All it took was a drop in temperature for the final pieces of the longest cable-stayed bridge on the Mississippi River to come together. Crews waited two days until April 21 for temperatures to fall below 70° to place the final 11-ft-long sections that join each half of the U.S. 82 Greenville Bridge project’s 1,378-ft-long main span.
|Replacement. Cable-stayed bridge over Mississippi River connects Greenville, Miss., with Arkansas.|
The $110-million main span project is the first phase of a $230-million replacement bridge to link Greenville, Miss., to Arkansas. The completed bridge will feature 2.5 miles of bridge deck, supported by four fans of prestressed steel strand cable tethered to two 425-ft-high concrete towers. The 101-ft-wide deck features two 12-ft lanes, a breakdown lane and shoulder in each direction.
The bridge is being built 2,800 ft downstream from the existing steel truss Greenville Bridge, which opened in 1940. HNTB, Kansas City, is design engineer. General contractor Massman-Traylor is a joint venture of Massman Construction Co., Kansas City, and Traylor Bros. Inc., Evansville, Ind.
To make the final connection, crews bolted one side of the segment in the early morning and then waited for temperatures to rise. On the opposite side, the gap closes at a rate of about 1 in. for every 10° rise in temperature, says Mike Caulfield, HNTB assistant project engineer. Crews then waited for the holes to line up to make the second connection.
Some the project’s most challenging aspects lay below the surface, where the contractor dropped two 122-ft x 80-ft floating caisson boxes into position. To prepare the site, the Army Corps of Engineers specified laying articulated concrete mattress on the bottom of the river in December 2001, to help prevent scouring. The Corps primarily uses ACM for revetment operations. The Greenville project was its first use in new bridge construction. Placing it took less than five days, a process that would have taken nearly three months using a typical timber mattress system.
Caisson guides and chevron-shaped breakwaters were built on two sites about 596 ft from each shore, where the water averages nearly 80 ft deep.
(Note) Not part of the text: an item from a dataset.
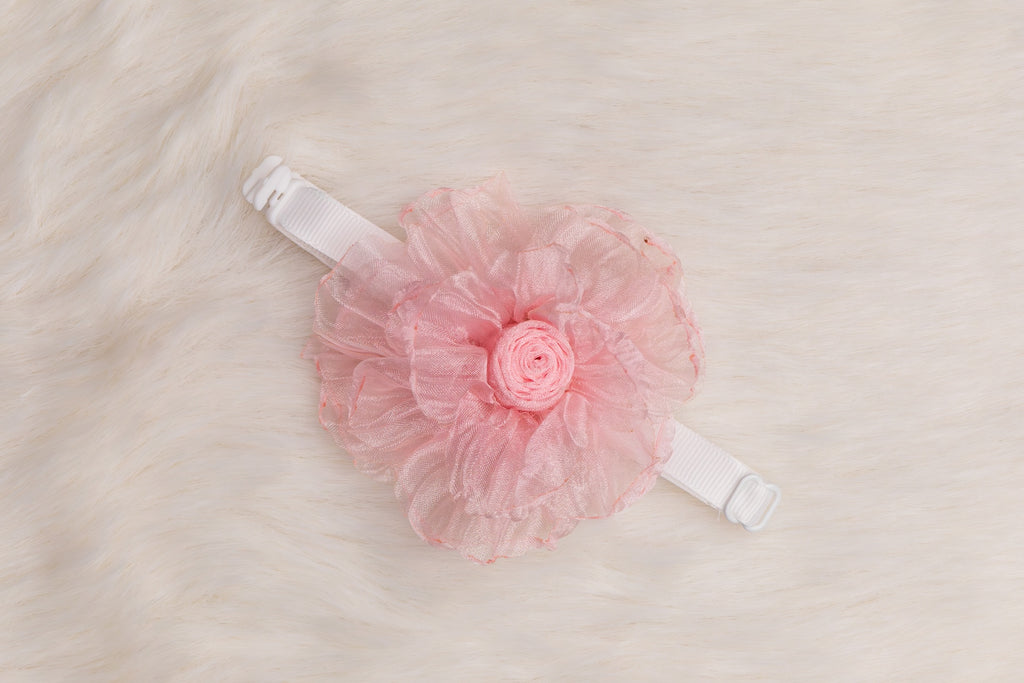 Rose Bloom Organza Flower Collar - Bundle of 5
The cutting edge of each caisson was floated to the breakwaters in mid-2002 and slowly sunk as concrete was poured into steel forms along the perimeter of caisson boxes.
Sinking the caissons took nearly five months, during which time water levels rose above flood stages and velocity exceeded 15 ft per second. The first caisson was dropped 145 ft into the river bottom and the other 116 ft. Each of the $20 million caissons was placed within tolerances and only required slight adjustments to the superstructure.
“Those caissons tend to go where they want to, but it worked out,” says Steve Underwood, project manager with Massman-Traylor.
Work now continues on the second and third phases, to construct two 591-ft side spans. The entire project is scheduled for completion in 2009.